> EXERCISE PROMPT: The lines from the top of the data down to the line with "Rogues a rejoint" should be repeated exactly, both ends included.

> DATA PROVIDED:
+++
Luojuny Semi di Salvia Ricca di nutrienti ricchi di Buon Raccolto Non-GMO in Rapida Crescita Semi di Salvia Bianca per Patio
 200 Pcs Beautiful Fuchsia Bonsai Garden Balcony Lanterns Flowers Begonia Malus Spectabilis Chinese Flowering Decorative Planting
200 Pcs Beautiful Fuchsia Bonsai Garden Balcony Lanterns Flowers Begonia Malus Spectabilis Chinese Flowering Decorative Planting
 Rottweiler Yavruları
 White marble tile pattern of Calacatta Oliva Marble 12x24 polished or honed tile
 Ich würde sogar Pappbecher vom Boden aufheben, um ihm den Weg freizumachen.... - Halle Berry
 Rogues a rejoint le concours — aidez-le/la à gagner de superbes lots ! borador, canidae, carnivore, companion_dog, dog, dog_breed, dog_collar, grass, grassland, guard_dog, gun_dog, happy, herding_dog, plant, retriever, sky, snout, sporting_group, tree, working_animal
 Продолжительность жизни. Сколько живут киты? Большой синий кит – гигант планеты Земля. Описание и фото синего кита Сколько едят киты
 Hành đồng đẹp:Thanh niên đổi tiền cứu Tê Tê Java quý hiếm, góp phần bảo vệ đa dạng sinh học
+++
> WRITTEN ANSWER:
Luojuny Semi di Salvia Ricca di nutrienti ricchi di Buon Raccolto Non-GMO in Rapida Crescita Semi di Salvia Bianca per Patio
 200 Pcs Beautiful Fuchsia Bonsai Garden Balcony Lanterns Flowers Begonia Malus Spectabilis Chinese Flowering Decorative Planting
200 Pcs Beautiful Fuchsia Bonsai Garden Balcony Lanterns Flowers Begonia Malus Spectabilis Chinese Flowering Decorative Planting
 Rottweiler Yavruları
 White marble tile pattern of Calacatta Oliva Marble 12x24 polished or honed tile
 Ich würde sogar Pappbecher vom Boden aufheben, um ihm den Weg freizumachen.... - Halle Berry
 Rogues a rejoint le concours — aidez-le/la à gagner de superbes lots ! borador, canidae, carnivore, companion_dog, dog, dog_breed, dog_collar, grass, grassland, guard_dog, gun_dog, happy, herding_dog, plant, retriever, sky, snout, sporting_group, tree, working_animal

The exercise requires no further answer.